ISCA Archive Interspeech 2024
ISCA Archive Interspeech 2024

Enhancing ECAPA-TDNN with Feature Processing Module and Attention Mechanism for Speaker Verification

Shiu-Hsiang Liou, Po-Cheng Chan, Chia-Ping Chen, Tzu-Chieh Lin, Chung-Li Lu, Yu-Han Cheng, Hsiang-Feng Chuang, Wei-Yu Chen

In this paper, we introduce three methods to enhance the state-of-the-art ECAPA-TDNN model for speaker verification, namely self-calibration (SC), simple attention mechanism (SimAM), and a modified temporal dynamic convolution (MTDY) based front-end module.

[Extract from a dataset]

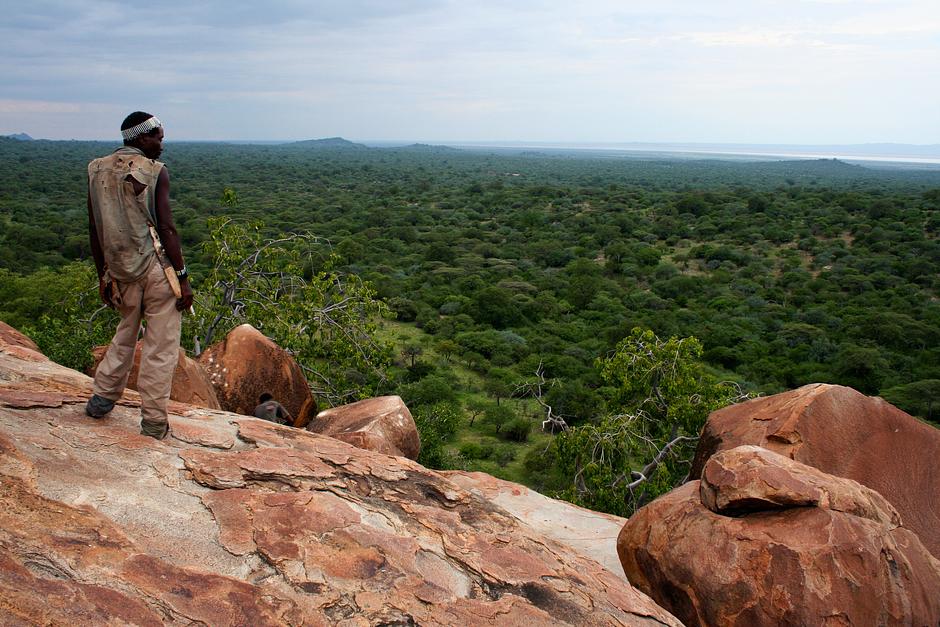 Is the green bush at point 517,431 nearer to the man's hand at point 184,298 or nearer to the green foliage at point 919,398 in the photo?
the green foliage at point 919,398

The SC module expands the model’s receptive field and improves spatial attention for better capture of contextual information. The SimAM attention mechanism assigns unique weights to individual neurons, so it can place greater emphasis on more informative ones. The MDTY-based front-end module adapts itself to diverse temporal speech features with adaptive convolutional kernels, and aggregates these kernels to capture temporal variations with attention weights. Our proposed model, IM ECAPA MTDY-TDNN SimAM, demonstrates improved performance and complexity trade-offs compared to recent research works. On the VoxCeleb1-H test set, it achieves a 1.655% EER and 0.157 minDCF with 9.71M parameters and 1.97G FLOPs.